By Annie Ochitwa, KOMU 8 Reporter

The Huntington's Disease Society of America hosted Columbia's Team Hope walk and run on Saturday. The walk is the HDSA's signature "fundraising campaign to support HDSA's mission to improve the lives of everyone affected by Huntington's Disease," a press release said. 

Huntington's disease is a fatal genetic disorder. 

"No one survives it," Team Hope organizer Candace Rodman said. "It hits fast and hard. It's neurological, so it affects your motor functions, cognitive functions, and psychological functions."

Rodman said it's described a having Parkinson's, ALS, and Alzheimer's all at once. She said her father died from Huntington's disease, as well as several of her father's nine siblings.

"I've seen what it does to people, I've seen what it does to families that are involved and it's terrible. It's hard to watch," Rodman said. "You hate it for them and you want to take it away and put it on yourself."

On May 15, members of congress re-introduced the Huntington's Disease Parity Act, which would ensure Medicare coverage is available to people with Huntington's Disease immediately after they qualify for Social Security Disability Insurance. As of now, there is a two year waiting period before they're eligible for Medicare benefits.

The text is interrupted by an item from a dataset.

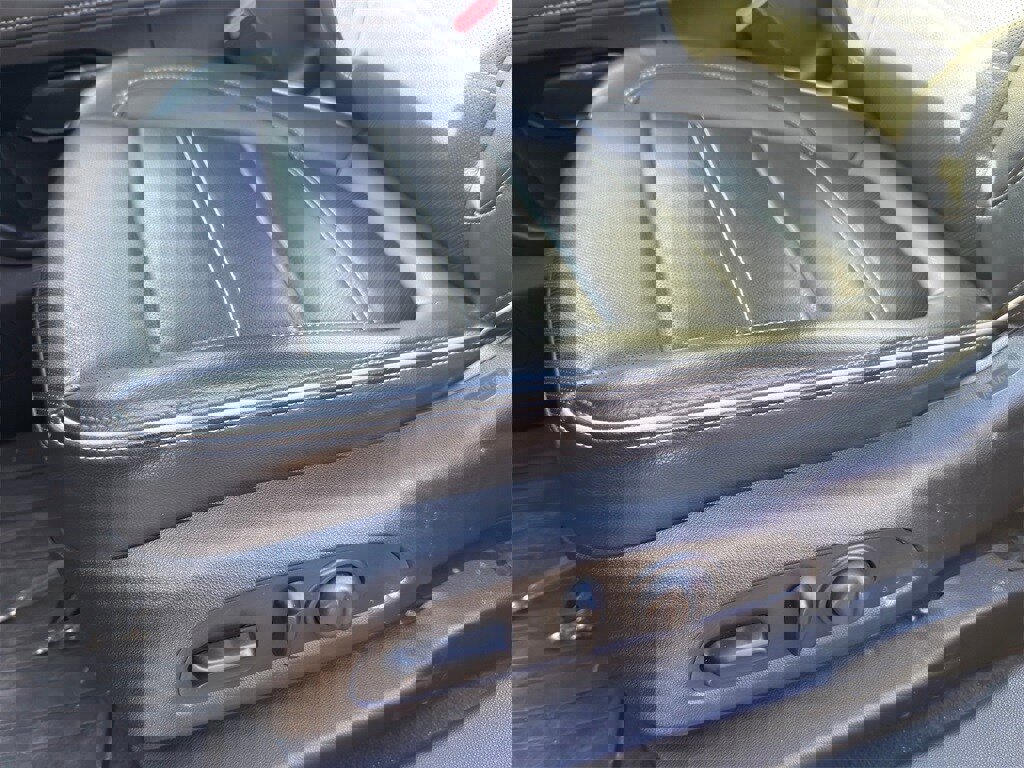 Used 2023 GMC Acadia Denali w/ Denali Ultimate Package image 14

"Two years is far too long for someone with Huntington's. In two years you could either be far too symptomatic to take care of yourself, you could be bankrupt from the medical care debt that you've incurred, or you could be dead by then," Rodman said. 

There have been no official statements of opposition to the act.

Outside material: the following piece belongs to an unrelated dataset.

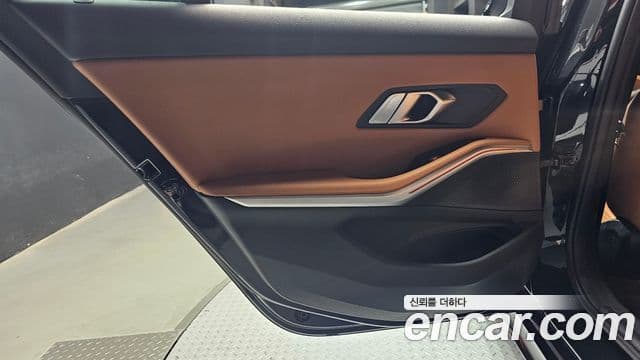 BMW 3 Series 2023 — Photo 19/34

Rodman said one of the biggest expenses for families dealing with Huntington's Disease are medical aids.

"You're going to need help. And unless you are independently wealthy, or have a spouse that can quit their job, you're going to have to hire someone, some kind of medical aid to come and help you on a daily basis. And people go bankrupt from it because they have no option," Rodman said. 

Proceeds from the Team Hope walk and run will go to both research and assistance for Huntingson's families.

"We understand that there's people waiting on that cure, so we need to work on that on one section, but there are people living it right now, and they need just as much help as anybody else. And it's hard and it's heartbreaking to just let those families just sit and wait," Rodman said.

Rodman said she hopes the Team Hope walk and run will help make a difference in the lives of people with Huntington's disease in Mid-Missouri.